Responsibilities include the following. Other duties may be assigned.

• Responsible for overseeing the issue/incident framework that includes NC, CAPA and Complaints systems, ensuring compliance to FDA 21 CFR 820, ISO 13485, CAP/CLIA and other applicable quality system regulations and standards.
• Oversee the activities and development of reporting staff with their day to day NC, CAPA, and complaints management activities.
• Lead process improvements to the issue/incident reporting framework by identifying areas for improvement, simplification, and standardization, ensuring that the various systems are streamlined and aligned.
• Own complaint, adverse event, and medical device reporting (MDR) framework, including refining as needed to support LDTs and medical devices.
• Collaborate with Regulatory on appropriate health authority reporting, as necessary.
• Drive NC and CAPA activities, including investigations, root cause analysis, effectiveness verification, and closure by establishing cross-functional relationships and collaborations with NC and CAPA owners.
• Oversee the issue/incident reporting framework, to support appropriate documentation, training, change controls, and NC/CAPA as necessary to ensure a compliant complaints process.
• Ensure that all potentially reportable complaints are reviewed, escalated and overall managed in a timely and efficient manner.
• Responsible for coordinating and implementing activities to ensure departmental goals for NC, CAPA and Complaints processes are achieved.
• Identify trends and provide metrics to drive root cause analysis and corrective actions to prevent the recurrence of quality issues.
• Own the NC, CAPA and complaint modules and implement updates including participating in validation efforts.
• Establish and generate NC, CAPA and Complaint metrics for management reviews.
• Lead and participate as NC, CAPA and Complaints subject matter expert during internal and external audits.
• Lead and/or support other duties as assigned.

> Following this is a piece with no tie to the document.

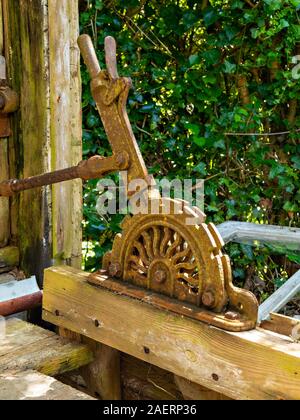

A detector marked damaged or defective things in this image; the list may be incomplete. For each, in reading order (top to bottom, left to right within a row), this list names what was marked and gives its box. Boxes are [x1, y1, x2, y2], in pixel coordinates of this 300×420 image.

Required Education & Experience:

• Bachelor’s Degree in Engineering or Science field.
• 7 to 10 years of QA experience in a clinical laboratory/medical device/Diagnostic company, with a minimum of 5 years working on Nonconformances, CAPAs and complaints processes.
• Working knowledge of medical device / in vitro diagnostic regulations (e.g., FDA 21 CFR 820, ISO 13485, IVDD, and other applicable quality and regulatory standards).
• QA experience in a molecular testing laboratory (LDTs) is required.
• Strong communication (written and verbal), leadership, influencing & negotiating and collaboration skills.
• Ability to work through complex issues and differences in a creative, constructive, and diplomatic manner.
• Ability to manage multiple tasks with limited supervision.
• Ability to demonstrate leadership in helping improve quality processes and create efficiencies for business needs.
• Strong project management expertise and ability to focus on execution of strategic decisions while balancing conflicting priorities.
• Travel may be required up to 20% of the time.